Thoughts On Death
Ven. David Xi-Ken Shi
It does not take long when we begin to study Buddhist text, either in the legacy teachings or contemporary authors, to encounter thoughts on renewal, transformation, discovery of no-self, rebirth, letting-go, and impermanence, to jar the mind (ego perhaps) into personal concerns of our own trek though life to the only conclusion that is a reality; our own death. It is an opportunity to remind ourselves of the value of the limited time we have in this human form for us to awaken to the nature of the Universe. It is a reminder that life is short and we will also transcend this life – to be blunt, we too will die.
All of us have been conditioned by a value system based on a false sense of security, especially in the younger segment of life. Our society and Western culture values long term goals, continuous achievements, acquired wealth, images of what a good-life is and how to get it, working to promote our own physical perfection. Our culture values, perhaps above all, the notions of being strong, invulnerable, and victorious. We like winners. It is not surprising that most of us carry a deep-seated fear of insecurity. Many of us deal with this feeling by ignoring the reality that change comes to us, but come it does.
The biggest fear of insecurity is the fear of death. Many people I talk to are terrified of dying, and expend vast amounts of energy avoiding any thought or indication of what is absolutely inevitable for each one of us. The degree to which we are caught in the fear of death is the extent to which our life seems to have little meaning. I wonder if whenever we resist change in an inordinate way, that resistance is an attempt to keep things the way they are and thus forestall the end time. As long as we hold on to any idea of a separate and permanent self, we will always be acting in fear of death.
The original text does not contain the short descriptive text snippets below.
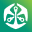 Old Mutual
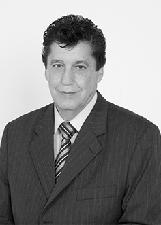 Foto de JADES MARTINS DE MELO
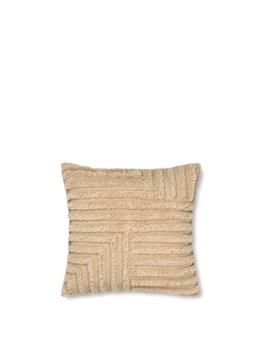 crease-wool-cushion-carré-ferm-living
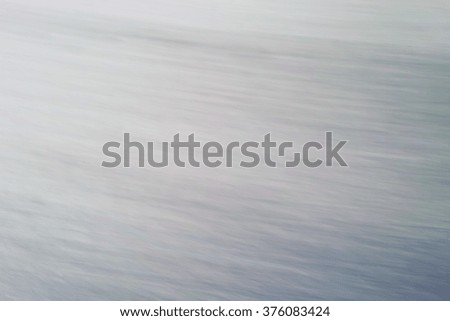 abstract lines, natural background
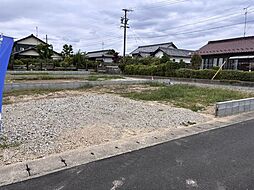 新築戸建　岐阜市東鶉　全6棟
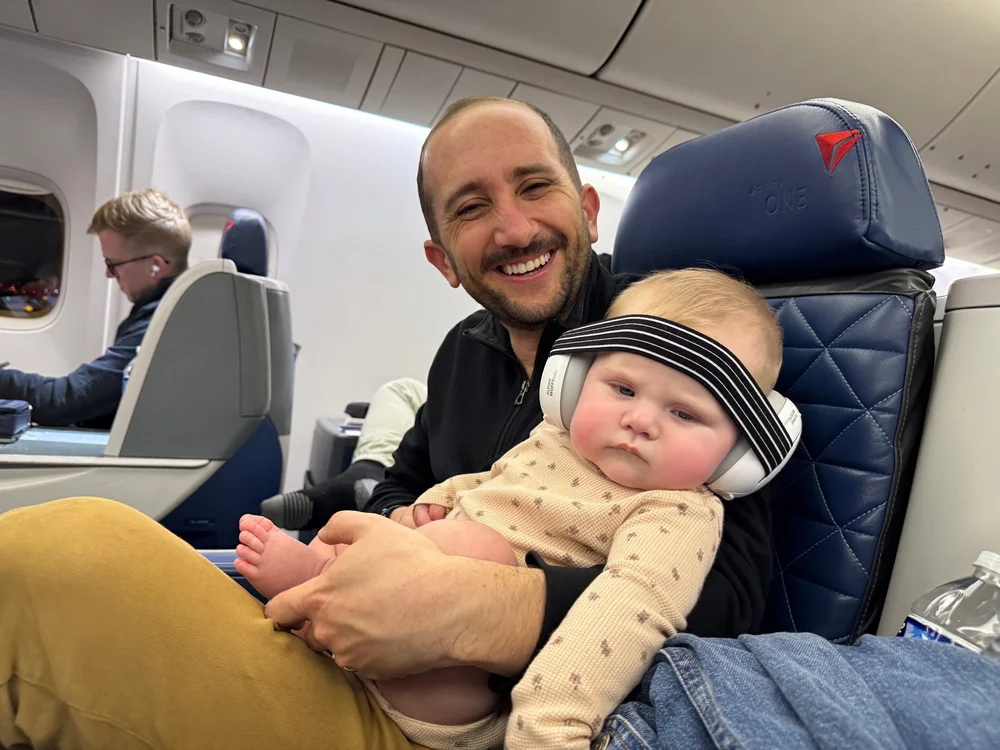 wojoct24_05 - 14.jpeg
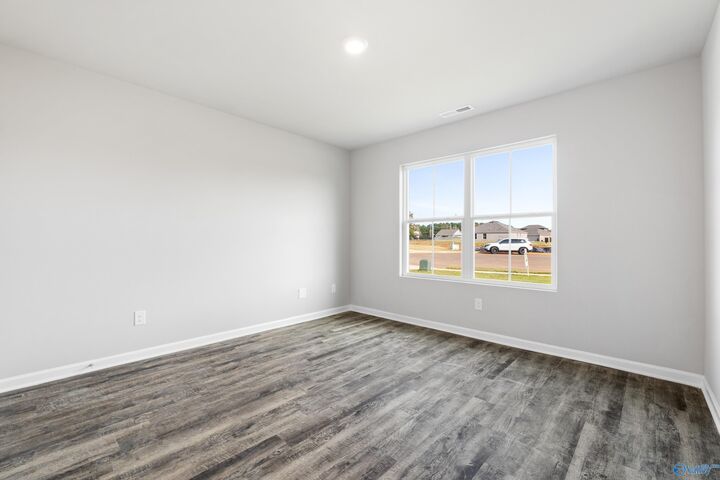 Property Photo:  121 Coral Bells Road  AL 35773 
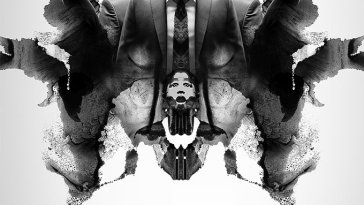 Mindhunter
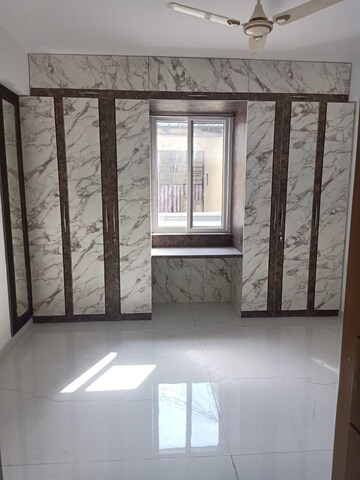 Room in 2 BHK Apartment at Shivani Adeen, Nagavarapalya – for Rent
We may not be consciousness of this as the ego-mind wants to avoid thinking about the alternative of its own existence.
How do we engage our fear of death? This requires a state of practice that completely understands the nature of the Buddhist lessons on not-self and impermanence. Meditation offers a complete set of tools to begin to overcome this very natural fear of death. Seeing, feeling, and knowing the movement of each unrepeatable breath, we come to sense the reality of change. We observe the birth and passing of sounds and smells, the arising and passing away of emotions, and the beginning and end to our thoughts. We begin to understand that every passage between moments involves the end of something. No phenomenon ever returns in exactly the same form. We begin to deeply know that our own passage out of life must happen just as swiftly and surely someday. When we take refuge in the arising and dissolution of phenomena, on a momentary level, we begin to awaken to the reality of our finality instead of struggling with it. We live WITH our mortality, not just in spite of it.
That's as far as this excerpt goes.